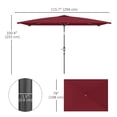 thumbnail image 3 of Outsunny Parasol de Patio Inclinable, Parasol de Jardin de Marché avec Manivelle, Rouge Vin, 3 of 10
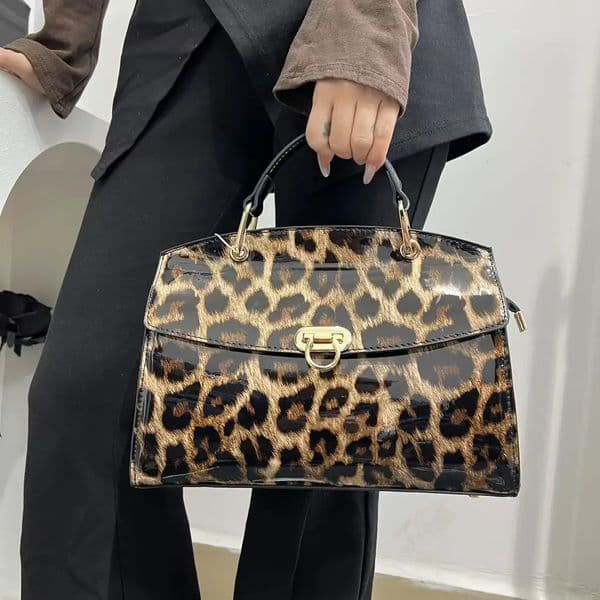 Womens Fashion Retro Leopard Print Tote Bag Large Capacity Handbag Trendy Shoulder Crossbody Bag 251106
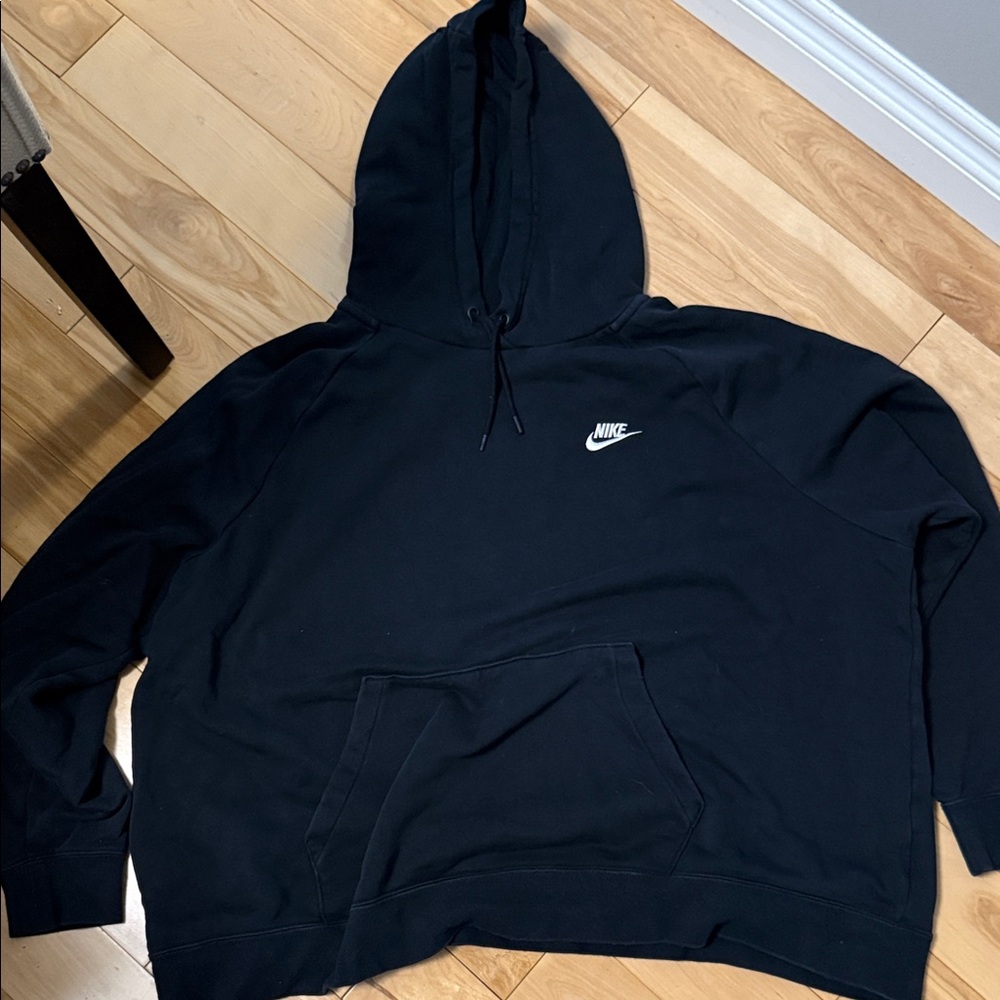 Nike Women's Black Hoodie with White Logo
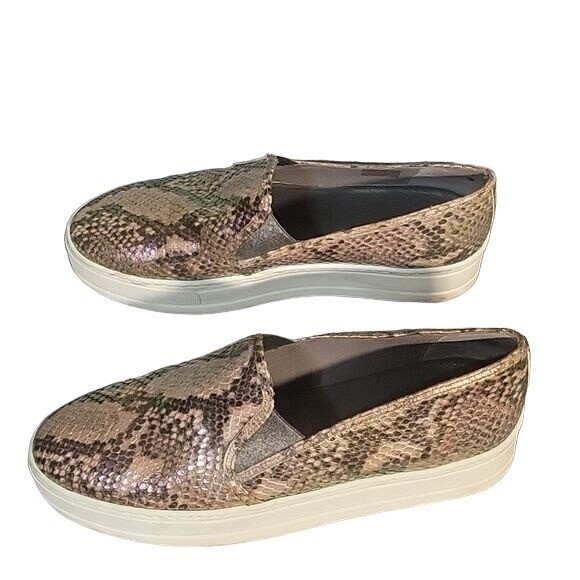 MARC AUREL Slip On Slides Irredescent Snakeskin Animal Print shoes Sz 39 8.5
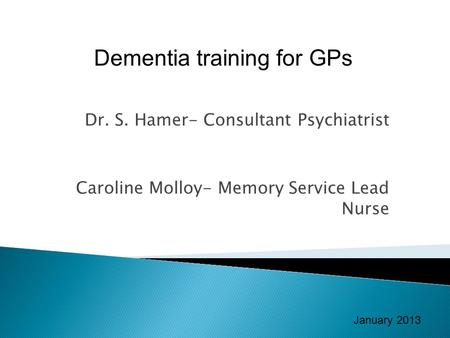 Dementia training for GPs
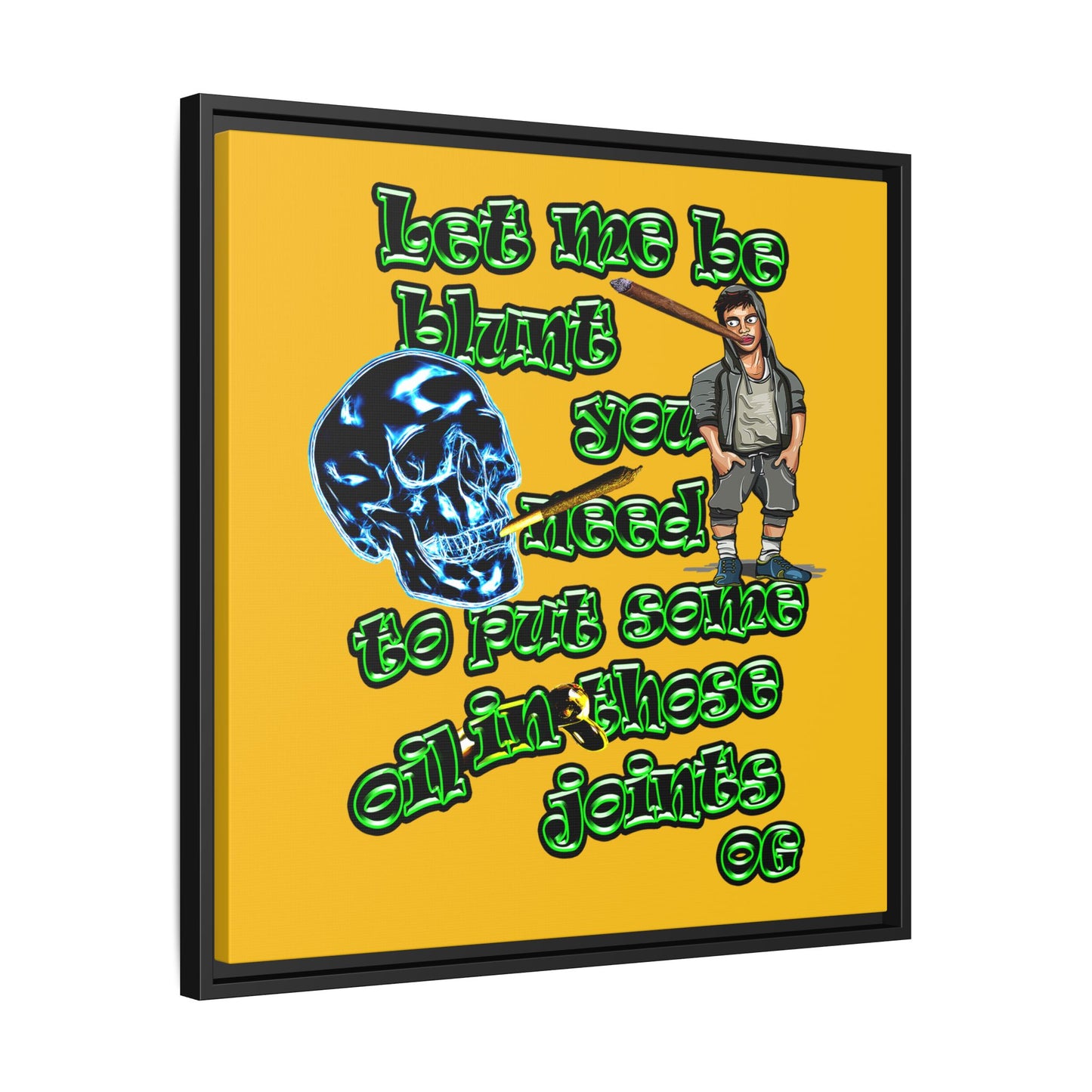 og - framed canvas art (yellow)
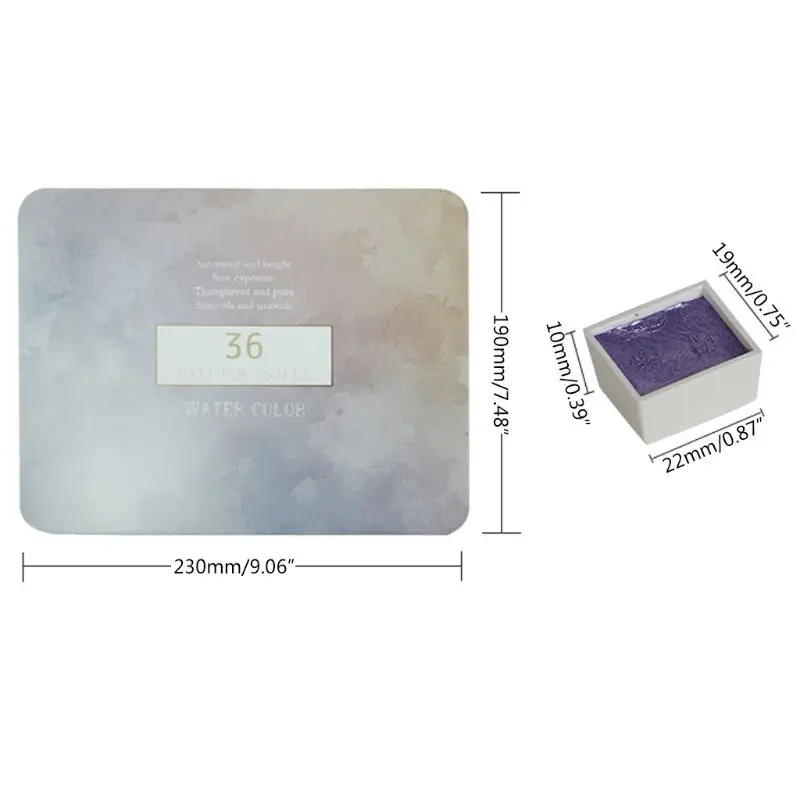 

Handmade 36 Color Glitter Water Color Set Metallic Gold aquarela Pigment Paint Artist Painting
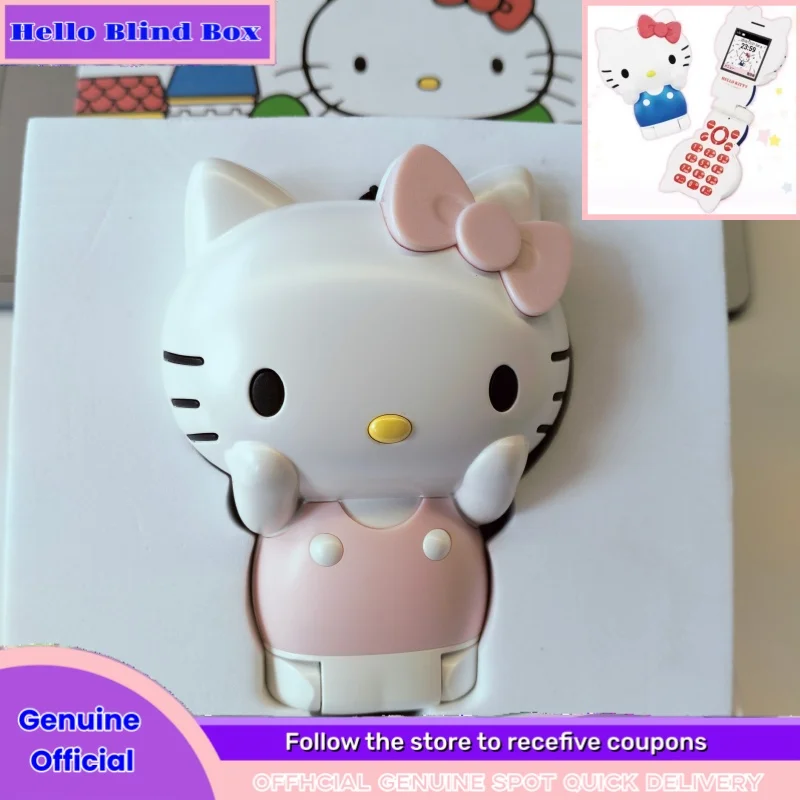 

Sanrio 4 г складной телефон Hello Kitty аниме периферийные устройства функция вызова многоязычное переключение детей подарки на Хэллоуин ремешок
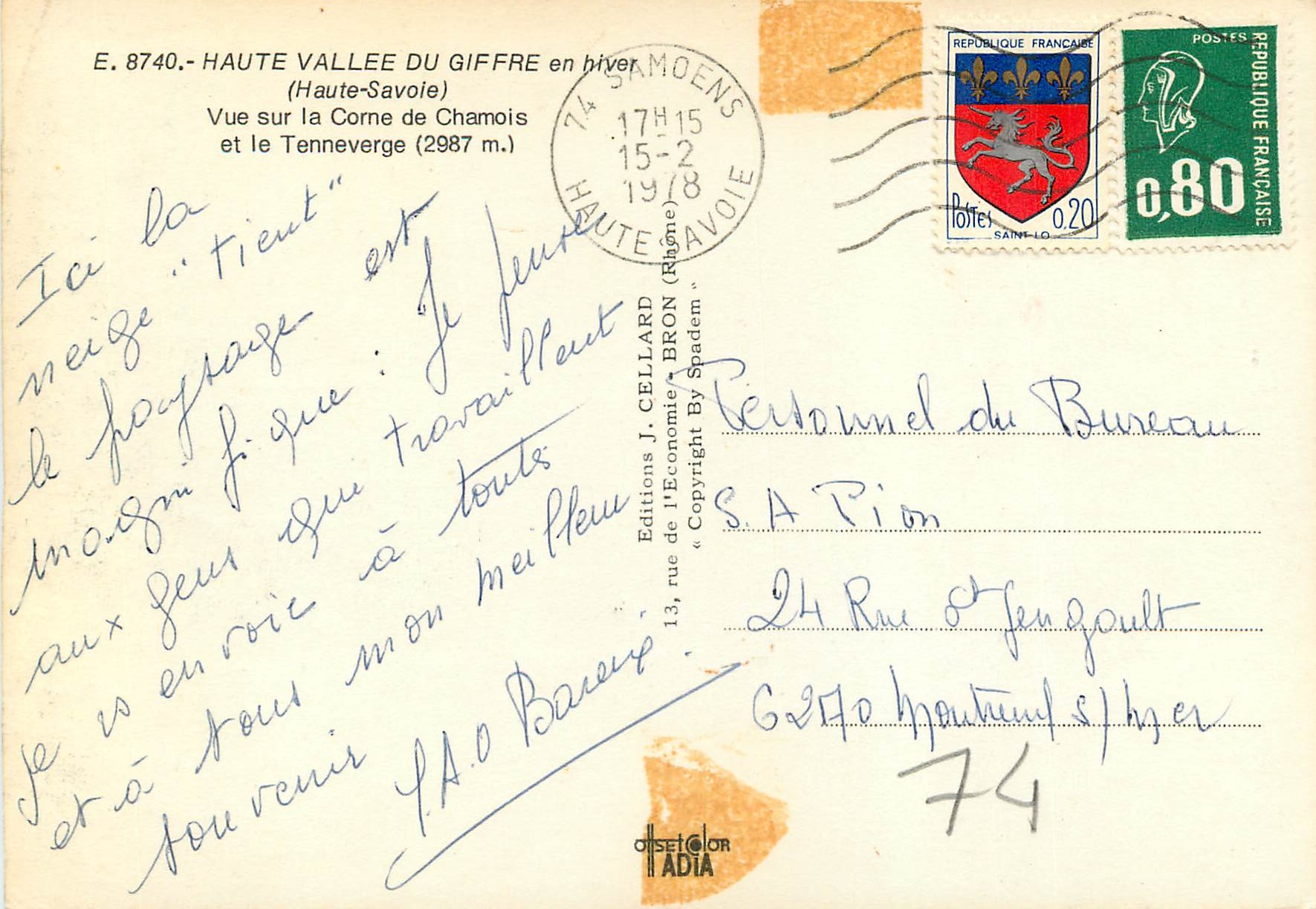 Haute Vallée du Giffre en hiver — Vue sur la Corne de Chamois et le Tenneverge (2987 m) — Éditions J. Cellard — Rückseite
.....
# WORK INSTRUCTIONS
Transcribe the records word for word and include no pictures.

# RESPONSE BELOW
 thumbnail image 3 of Outsunny Parasol de Patio Inclinable, Parasol de Jardin de Marché avec Manivelle, Rouge Vin, 3 of 10
 Womens Fashion Retro Leopard Print Tote Bag Large Capacity Handbag Trendy Shoulder Crossbody Bag 251106
 Nike Women's Black Hoodie with White Logo
 MARC AUREL Slip On Slides Irredescent Snakeskin Animal Print shoes Sz 39 8.5
 Dementia training for GPs
 og - framed canvas art (yellow)

Handmade 36 Color Glitter Water Color Set Metallic Gold aquarela Pigment Paint Artist Painting

Sanrio 4 г складной телефон Hello Kitty аниме периферийные устройства функция вызова многоязычное переключение детей подарки на Хэллоуин ремешок
 Haute Vallée du Giffre en hiver — Vue sur la Corne de Chamois et le Tenneverge (2987 m) — Éditions J. Cellard — Rückseite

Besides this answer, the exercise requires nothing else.